Certainly, the price (and policy features and benefits)of mortgage policies do differ depending on where you choose to get a quote from. Historically, the high street lenders will charge more for the cover than the standalone providers. In some cases the difference can be quite a lot so shopping around in order to see what deals are on offer is essential. In the majority of cases, not shopping around could cost you up to 40% more than had you got a quote from a standalone provider.

Independent providers like British Insurance offer award-wining low cost payment protection insurance cover which regularly tops the ‘best buy’ tables of the finance press.

There is little doubt that mortgage cover can provide a financial safety net at a difficult financial time, so as long as you choose yours with care, you can enjoy full of peace of mind knowing that your home is safe no matter what life throws at you.

Why you need to consider mortgage insurance

With press reports of around 130 families losing their homes every day to repossession, and the word ‘recession’ on most people’s lips, ensuring that your home is fully protected against what life can throw at you is probably a big concern for you. And that is why you need to consider mortgage insurance.

So, what exactly is mortgage insurance? Well, mortgage payment protection insurance (to give it its full name) can be taken out to ensure that if you were to be made unemployed via involuntary redundancy you would still have an income via a monthly cash sum, for up to a set period of time which is typically 12-24 months.

The mortgage insurance can also be taken to safeguard against the possibility that you might suffer an illness or accident (which is known as ‘incapacity’) that meant you were unable to work. It can also be taken to cover all three possibilities.
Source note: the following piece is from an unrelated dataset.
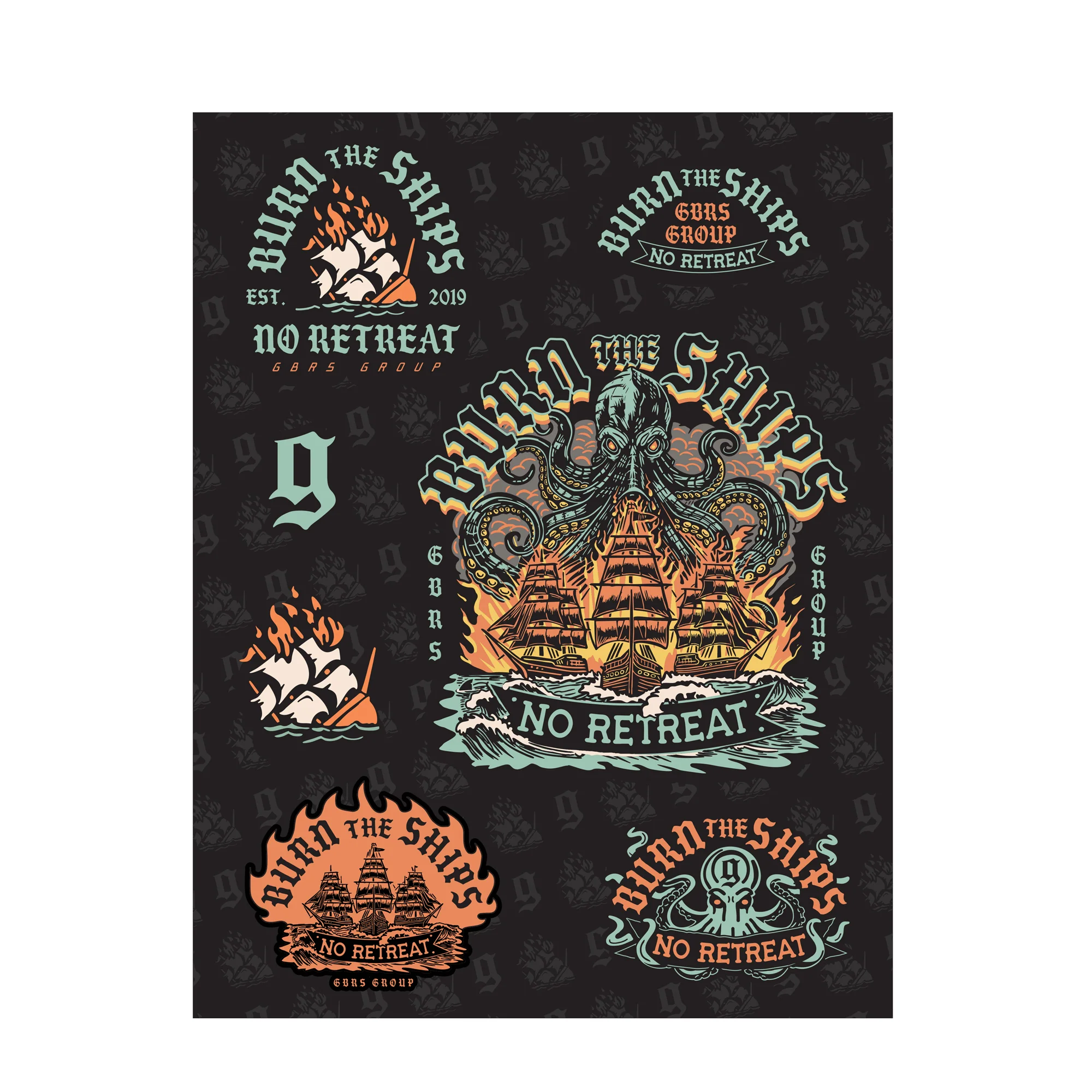 GBRS Group Burn The Ships Sticker Sheet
Usually the mortgage insurance would begin to pay out the tax free benefit from anywhere between one to three months after you being made unemployed or you becoming unable to work. As discussed before, these benefits will pay out for 12-24 months depending on the provider, which in most cases will give you enough time to get back on your feet or get another job.

The sum you receive can be used not only to help towards maintaining your mortgage repayments but also associated costs such as home, life and critical illness cover, meaning that even though you have lost your income, your home is protected.

There is little doubt, especially in the current economic climate, that mortgage insurance should seriously be considered as a financial safety net. With the number of repossessions soaring and redundancies rife, protecting the borrowing is essential.
As with all insurances, the terms and conditions of the policy will vary among the different providers. Do always make sure you fully understand the cover you are buying.

The benefits and features of policies will differ depending on where you choose to get the quotes for your mortgage insurance. Historically, the high street banks and lenders will charge more for cover than the standalone providers, such as the ethical provider British Insurance. In some cases the difference can be quite a lot so shopping around in order to see what deals are on offer is essential. For example, with British Insurance, premiums for mortgage payment cover come in at up to 40% less than those on the high street. The mortgage insurance cover can bought from them for just a few pounds a month for every £100 worth of mortgage protection required.

Buy mortgage protection and protect your home

You may wonder what mortgage protection is and whether you need it. So, first of all, let’s take a look at how you home could be under threat. Repossessions are soaring and, according to a recent news paper report, some 130 families are losing their homes every day. The credit crunch has bitten us all hard and it is unlikely that there is no one who has not been affected. So, how would you protect your home if you were made redundant or became unable to work due to incapacity?

Redundancy package

Even the most generous of redundancy packages could soon be eaten away if you were unable to find a job straight away. Mortgage repayments, as well as other costs such as insurances etc could soon see any severance pay dwindle.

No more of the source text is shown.